Three types of ADEs were selected as the high-priority targets of the ADE Action Plan as they were identified as being common, clinically significant, preventable, and measurable. These are:
- Anticoagulants: primary ADE of concern – bleeding
- Diabetes agents: primary ADE of concern – hypoglycemia
- Opioids: primary ADE of concern – accidental overdoses/over-sedation/respiratory depression
The World Health Organization lists has reported that as many as 4 in 10 patients globally are harmed in primary and outpatient health care. Up to 80% of harm is preventable. The most detrimental errors are related to diagnosis, prescription and the use of medicines. As such, healthcare organizations are urged to utilize the ADE Action Plan and implement strategies to prevent medication adverse effects, especially from the three priority types of ADEs identified. Healthcare data management and healthcare technology can play a major role in this regard, and those organizations that proactively use healthcare technology to detect ADEs will be a step ahead in preventing them. Some ways in which healthcare data management and healthcare technology can be used in ADE detection and prevention include:
- Electronic exchange of health information, such as laboratory results and care (e.g., discharge) summaries. This can help to improve communication among the care team as a patient passes from one team to the next.

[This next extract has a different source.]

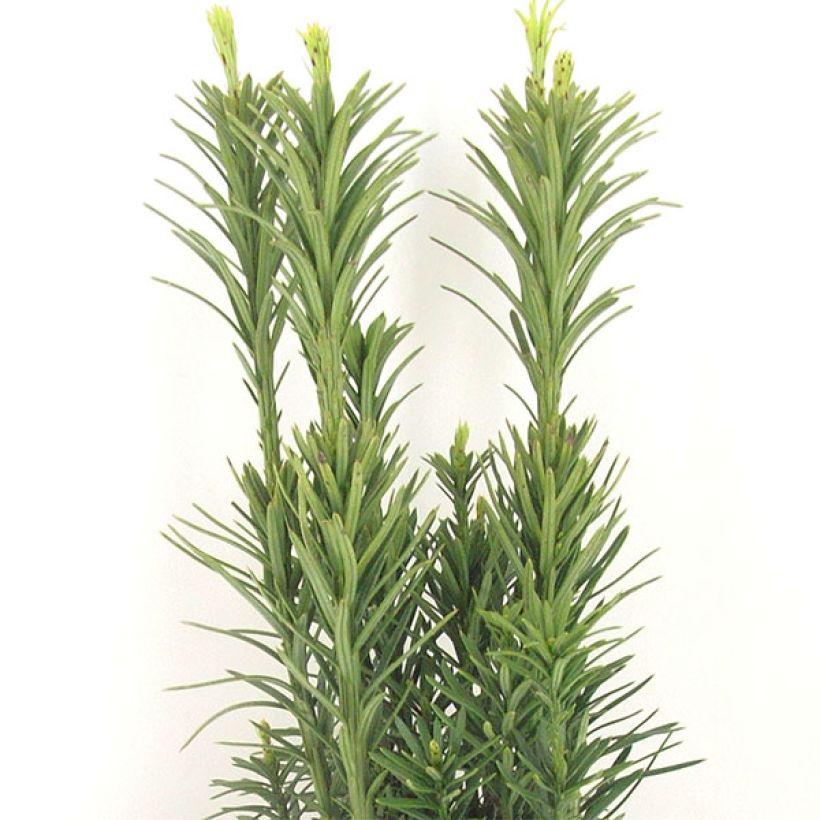 Cephalotaxus harringtonia Fastigiata - Cefalotejo (Follaje)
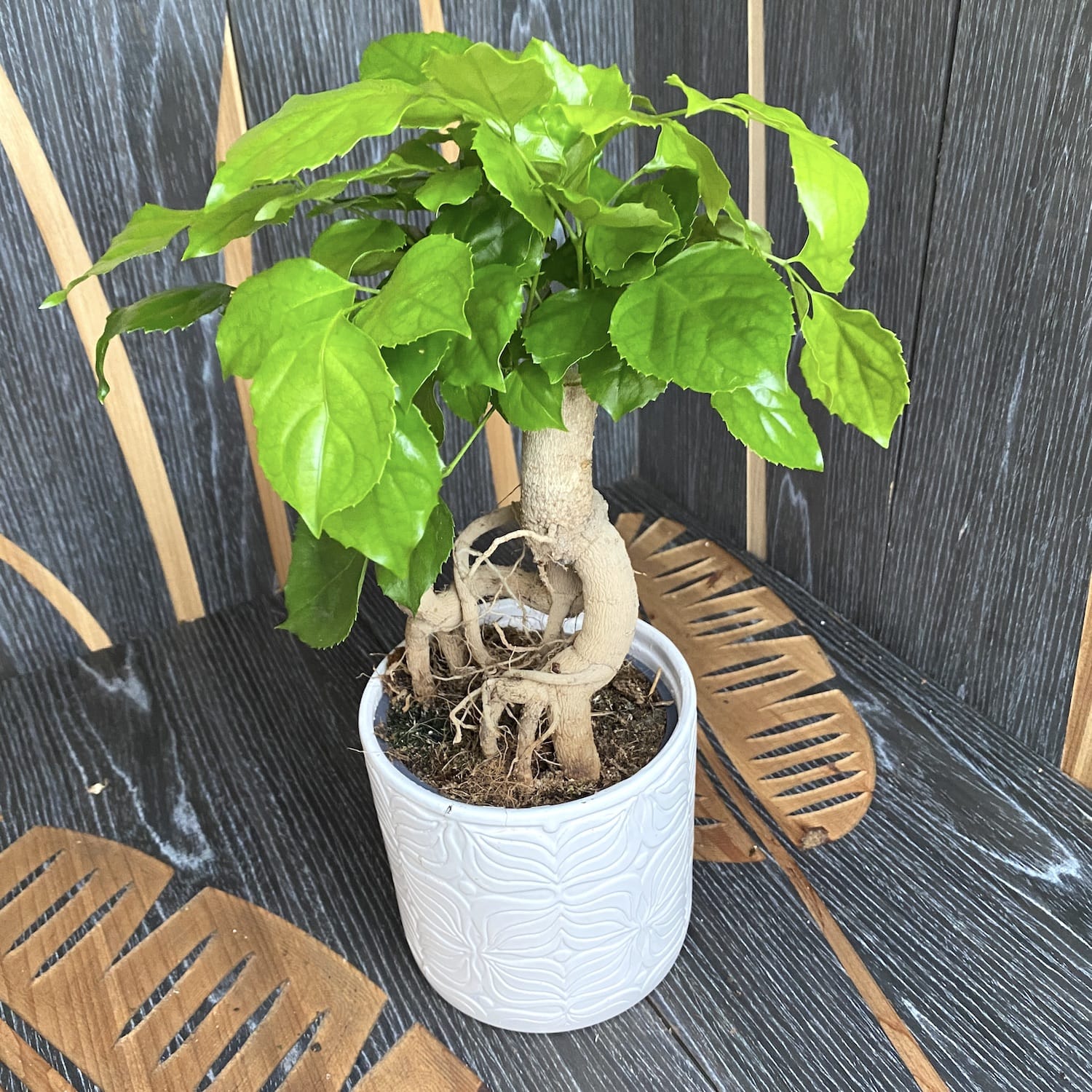 Radermachera sinica (China Doll Bonsai)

- Interoperability between laboratory and pharmacy systems to help prevent medication errors and medication adverse effects.
- Utilize electronic health records (EHRs) and patient engagement tools to provide patient-specific data that can inform appropriate clinical decisions by providers. EHRs and patient engagement tools can also provide clinical reminders and templates to prompt and facilitate recommended clinical practices. This could result in improvements in assessment, documentation, and collaborative treatment planning for patient risk factors and aberrant behaviors.
- Leverage EHR Meaningful Use requirements by incorporating Quality Measures specific to the three types of ADEs identified in the ADE Action Plan.
ADEs can also be prevented by improving patient compliance with their medication regimen. Incorporating remote monitoring solutions such as automated medication dispensers with reminders can improve patient compliance and also prevent potential overdoses especially in seniors with memory problems.